SLTCA: Scalable and Robust Latent Trajectory Class Analysis Using Artificial Likelihood
The package is on CRAN now. This repository will mainly serve as a platform for bug reporting (at Issues) while we will post the lastest version on CRAN. To access the latest version on GitHub, please go to branch CRAN. Thanks for considering using our software!
install.packages("SLTCA")
library(SLTCA)
Currently SLTCA supports R version >= 3.5.0.
By default, the function simulation(n) generates a dataset with n observations under the scenario 1 described by Hart, Fei and Hanfelt (2020).
# generate a dataset with 500 individuals
dat <- simulation(500)
Specifically, it returns a data frame of 2 latent classes with 6 longitudinal features y.1 to y.6, including count (y.1 and y.2), binary (y.3 and y.4) and continuous (y.5 and y.6) features. The data frame also consists of individual identifiers (id), corresponding time of longitudinal features (time) and the number of visit (num_obs). In addition, variable baselinecov is a binary baseline risk factor of latent classes. Variable latent is the true latent class labels.

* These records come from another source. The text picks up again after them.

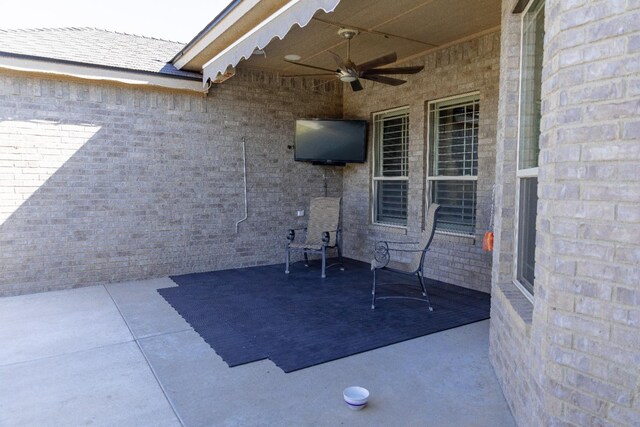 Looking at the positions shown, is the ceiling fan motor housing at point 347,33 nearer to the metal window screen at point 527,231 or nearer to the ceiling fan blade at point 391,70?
the ceiling fan blade at point 391,70

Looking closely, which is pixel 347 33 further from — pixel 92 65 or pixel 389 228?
pixel 92 65

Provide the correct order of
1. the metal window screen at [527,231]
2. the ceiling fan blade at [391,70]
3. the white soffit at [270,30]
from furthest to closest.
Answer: the ceiling fan blade at [391,70] < the white soffit at [270,30] < the metal window screen at [527,231]

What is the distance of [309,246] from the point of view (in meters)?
6.08

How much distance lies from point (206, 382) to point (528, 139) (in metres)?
2.62

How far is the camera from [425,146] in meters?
5.83

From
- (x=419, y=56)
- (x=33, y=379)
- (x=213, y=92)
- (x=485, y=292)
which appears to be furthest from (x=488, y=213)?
(x=33, y=379)

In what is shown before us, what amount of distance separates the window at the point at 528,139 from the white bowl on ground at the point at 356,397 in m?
1.16

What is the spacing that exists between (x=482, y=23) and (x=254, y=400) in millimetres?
4517

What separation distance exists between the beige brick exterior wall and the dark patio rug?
175 cm

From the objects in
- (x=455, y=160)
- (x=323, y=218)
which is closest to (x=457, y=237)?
(x=455, y=160)

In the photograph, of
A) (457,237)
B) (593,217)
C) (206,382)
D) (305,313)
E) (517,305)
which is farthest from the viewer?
(457,237)

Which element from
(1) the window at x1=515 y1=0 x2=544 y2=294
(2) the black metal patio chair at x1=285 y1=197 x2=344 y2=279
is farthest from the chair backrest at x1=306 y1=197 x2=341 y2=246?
(1) the window at x1=515 y1=0 x2=544 y2=294

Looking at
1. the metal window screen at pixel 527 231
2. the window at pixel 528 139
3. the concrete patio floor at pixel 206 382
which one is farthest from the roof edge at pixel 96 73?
→ the metal window screen at pixel 527 231

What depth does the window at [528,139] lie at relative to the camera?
2.48 m
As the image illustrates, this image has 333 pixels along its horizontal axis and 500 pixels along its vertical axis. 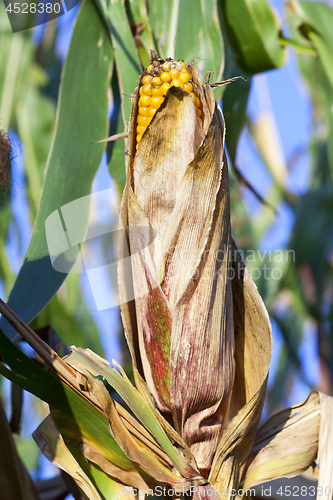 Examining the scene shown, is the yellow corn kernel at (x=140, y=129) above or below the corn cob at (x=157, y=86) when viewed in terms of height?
below

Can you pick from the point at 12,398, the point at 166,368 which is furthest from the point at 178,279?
the point at 12,398

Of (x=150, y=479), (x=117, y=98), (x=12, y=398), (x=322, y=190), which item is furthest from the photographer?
(x=322, y=190)

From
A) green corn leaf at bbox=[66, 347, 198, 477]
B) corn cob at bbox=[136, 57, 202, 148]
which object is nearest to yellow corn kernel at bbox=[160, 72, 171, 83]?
corn cob at bbox=[136, 57, 202, 148]

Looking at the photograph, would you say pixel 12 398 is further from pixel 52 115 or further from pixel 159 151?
pixel 52 115

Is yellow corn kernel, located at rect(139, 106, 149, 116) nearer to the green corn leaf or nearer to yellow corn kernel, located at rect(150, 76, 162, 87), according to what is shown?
yellow corn kernel, located at rect(150, 76, 162, 87)

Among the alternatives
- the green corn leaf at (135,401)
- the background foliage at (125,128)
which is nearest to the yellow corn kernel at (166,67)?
the background foliage at (125,128)

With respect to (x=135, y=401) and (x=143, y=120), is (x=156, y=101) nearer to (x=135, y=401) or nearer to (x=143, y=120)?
(x=143, y=120)

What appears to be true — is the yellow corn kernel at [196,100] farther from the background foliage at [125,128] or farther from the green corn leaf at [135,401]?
the green corn leaf at [135,401] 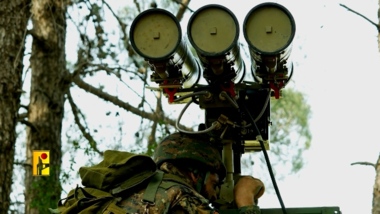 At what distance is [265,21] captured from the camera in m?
5.40

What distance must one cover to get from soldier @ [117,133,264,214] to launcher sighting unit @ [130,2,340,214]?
84mm

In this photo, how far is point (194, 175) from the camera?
5848mm

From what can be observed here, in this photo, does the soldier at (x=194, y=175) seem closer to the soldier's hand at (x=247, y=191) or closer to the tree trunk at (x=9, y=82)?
the soldier's hand at (x=247, y=191)

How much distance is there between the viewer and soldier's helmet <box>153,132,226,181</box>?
5.82 m

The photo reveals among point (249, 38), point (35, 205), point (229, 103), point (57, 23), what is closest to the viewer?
point (249, 38)

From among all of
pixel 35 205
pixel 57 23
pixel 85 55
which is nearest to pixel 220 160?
pixel 35 205

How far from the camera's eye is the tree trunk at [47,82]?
1223 centimetres

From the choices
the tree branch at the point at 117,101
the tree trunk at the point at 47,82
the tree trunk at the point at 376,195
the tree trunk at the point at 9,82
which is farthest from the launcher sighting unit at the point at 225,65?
the tree branch at the point at 117,101

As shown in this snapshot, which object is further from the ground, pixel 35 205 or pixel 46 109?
pixel 46 109

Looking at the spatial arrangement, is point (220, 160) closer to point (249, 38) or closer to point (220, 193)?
point (220, 193)

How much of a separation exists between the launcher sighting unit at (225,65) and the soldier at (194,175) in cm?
8

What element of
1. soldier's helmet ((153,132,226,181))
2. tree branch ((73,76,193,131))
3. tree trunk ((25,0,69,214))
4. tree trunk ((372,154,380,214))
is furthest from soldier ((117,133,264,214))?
tree branch ((73,76,193,131))

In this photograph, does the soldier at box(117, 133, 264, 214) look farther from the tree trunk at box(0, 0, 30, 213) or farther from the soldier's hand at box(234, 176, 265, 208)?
the tree trunk at box(0, 0, 30, 213)

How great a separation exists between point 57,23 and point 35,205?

The analysis for the dataset dat can be conducted by running SLTCA function:
res <- SLTCA(k=1,dat=dat,num_class=2,id="id",time="time",num_obs="num_obs",features=paste("y.",1:6,sep=''),
Y_dist=c('poi','poi','bin','bin','normal','normal'),
covx="baselinecov",ipw=1,stop="tau",tol=0.005,max=50,
varest=T,balanced=T,MSC='EQIC',verbose=T)
Please refer to the function documentation for more details.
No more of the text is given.